Task to carry out. Output every line of the entries from the line containing "El presidente de" through the last, exactly, with no other content.

Excerpts from a dataset.
-=-=-

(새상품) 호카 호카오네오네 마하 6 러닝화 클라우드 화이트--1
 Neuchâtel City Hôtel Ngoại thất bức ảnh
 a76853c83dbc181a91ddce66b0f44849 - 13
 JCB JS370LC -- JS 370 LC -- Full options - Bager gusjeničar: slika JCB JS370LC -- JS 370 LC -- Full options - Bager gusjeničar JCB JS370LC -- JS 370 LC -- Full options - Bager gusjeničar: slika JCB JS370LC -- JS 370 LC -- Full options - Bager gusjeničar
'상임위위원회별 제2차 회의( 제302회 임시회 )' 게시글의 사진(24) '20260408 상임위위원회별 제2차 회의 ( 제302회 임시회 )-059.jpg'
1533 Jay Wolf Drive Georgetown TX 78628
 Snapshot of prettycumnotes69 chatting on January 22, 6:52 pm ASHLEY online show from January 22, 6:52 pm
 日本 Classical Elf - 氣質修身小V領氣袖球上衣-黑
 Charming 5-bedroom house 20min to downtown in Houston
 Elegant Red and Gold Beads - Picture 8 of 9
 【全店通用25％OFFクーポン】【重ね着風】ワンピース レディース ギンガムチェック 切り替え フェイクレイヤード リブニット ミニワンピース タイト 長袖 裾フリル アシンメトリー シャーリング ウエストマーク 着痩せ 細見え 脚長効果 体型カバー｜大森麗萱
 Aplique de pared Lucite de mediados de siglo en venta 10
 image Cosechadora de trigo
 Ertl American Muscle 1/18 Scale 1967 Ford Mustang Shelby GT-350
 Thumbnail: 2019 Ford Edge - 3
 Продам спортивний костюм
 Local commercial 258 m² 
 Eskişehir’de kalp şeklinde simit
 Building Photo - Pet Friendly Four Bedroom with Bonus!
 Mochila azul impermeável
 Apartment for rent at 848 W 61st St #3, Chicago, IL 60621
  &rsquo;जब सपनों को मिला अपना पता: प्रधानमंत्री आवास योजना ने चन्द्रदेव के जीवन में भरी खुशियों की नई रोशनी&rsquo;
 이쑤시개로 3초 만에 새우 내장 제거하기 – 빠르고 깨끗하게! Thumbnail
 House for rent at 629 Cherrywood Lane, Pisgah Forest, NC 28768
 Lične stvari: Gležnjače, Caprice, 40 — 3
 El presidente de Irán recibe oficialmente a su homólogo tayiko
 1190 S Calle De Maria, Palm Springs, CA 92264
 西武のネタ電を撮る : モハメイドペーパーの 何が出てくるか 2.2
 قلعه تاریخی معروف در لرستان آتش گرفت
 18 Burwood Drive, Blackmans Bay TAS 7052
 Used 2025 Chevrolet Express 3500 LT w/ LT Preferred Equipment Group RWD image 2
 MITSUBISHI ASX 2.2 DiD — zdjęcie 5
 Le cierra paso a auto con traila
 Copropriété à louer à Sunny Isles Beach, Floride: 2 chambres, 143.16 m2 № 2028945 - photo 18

-=-=-

Solution for this exercise.
 El presidente de Irán recibe oficialmente a su homólogo tayiko
 1190 S Calle De Maria, Palm Springs, CA 92264
 西武のネタ電を撮る : モハメイドペーパーの 何が出てくるか 2.2
 قلعه تاریخی معروف در لرستان آتش گرفت
 18 Burwood Drive, Blackmans Bay TAS 7052
 Used 2025 Chevrolet Express 3500 LT w/ LT Preferred Equipment Group RWD image 2
 MITSUBISHI ASX 2.2 DiD — zdjęcie 5
 Le cierra paso a auto con traila
 Copropriété à louer à Sunny Isles Beach, Floride: 2 chambres, 143.16 m2 № 2028945 - photo 18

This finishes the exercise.